Do you speak tiger?
During our day-to-day routine, animal care staff are constantly monitoring the animals to make sure they are healthy. We watch their behavior, how they move, their appetites, bathroom habits, and how they interact with their environment and conspecifics (other individuals that they share space with). Vocalizations are also a big indicator of an animal’s well-being.

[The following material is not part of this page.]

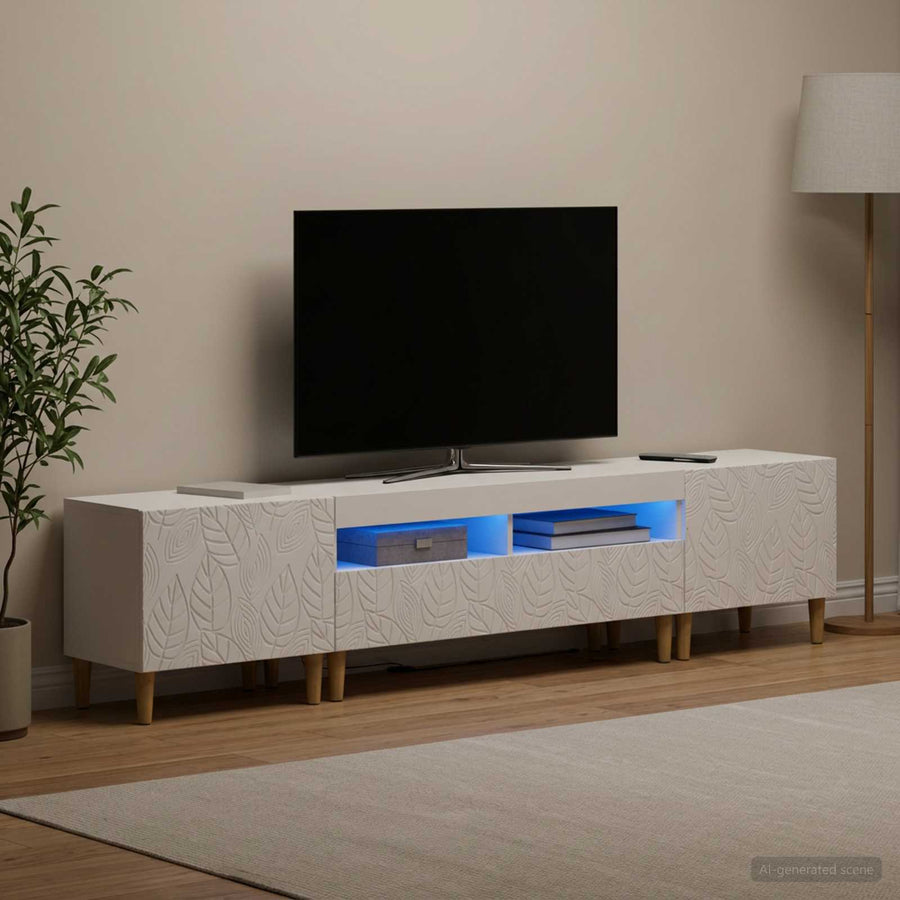 3 Piece LED TV Cabinet DELFT White Engineered Wood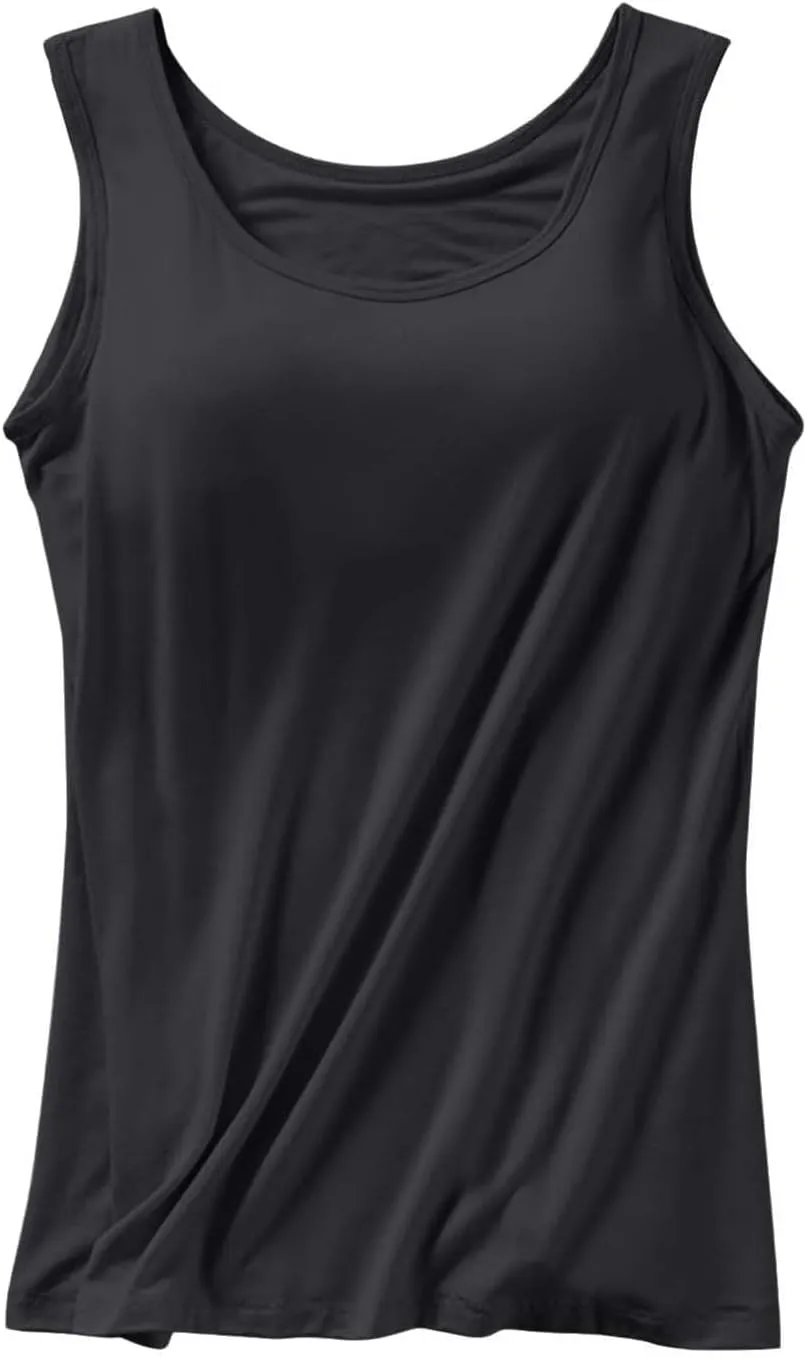 Shelf Bra Tank Tops for Women Wide Strap Workout Lingerie Camisoles Slim Fit Basic Athletic Sports Bras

We hear a few different vocalizations from our Sumatran tiger pair each day, but the most common is called a “contact call.” A contact call is generally used to let another tiger know that the territory is occupied. Contact calls kind of sound like the tiger is saying “owwWW” over and over. Since we have two tigers here at the Zoo, one tiger will spend half the day outside in the tiger habitat, while the other spends that time in the indoor network of dens. Partway through the day, keepers will swap the tigers so that both get to spend time outside with their adoring fans as well as inside with the extra attention of their care team. Since our tigers share the same territory (albeit at separate times), it is common for them to use contact calls to reestablish their territory after they trade places.
During “tiger swaps,” we also commonly hear another vocalization: prusten, commonly called a chuff. Chuffing is an affiliative, or friendly, vocalization that can only be produced by big cats. It is used between a mother and her cubs as well as toward a mate (and if we’re super-lucky, a favored keeper). Chelsea is a very chatty lady, so we frequently hear her start to chuff as soon as we start opening shift doors to let her inside. Emerson is a shy guy and not nearly as vocal, so his chuffs usually catch everyone off guard, even Chelsea.
Other vocalizations that we might hear on occasion include moans, which sound like a mixture between a whine and a contact call, and hisses – because we all get grumpy from time to time.
Vocalizations are a great indicator of the budding relationship between our tigers (and keepers). I really enjoy hearing the tigers call to each other (maybe more so than the lion boys roaring). So if you hear a very loud, distinctive vocalization coming from Complex Carnivores during your next visit to the Zoo, don’t be alarmed, it’s just Emerson and Chelsea talking to each other!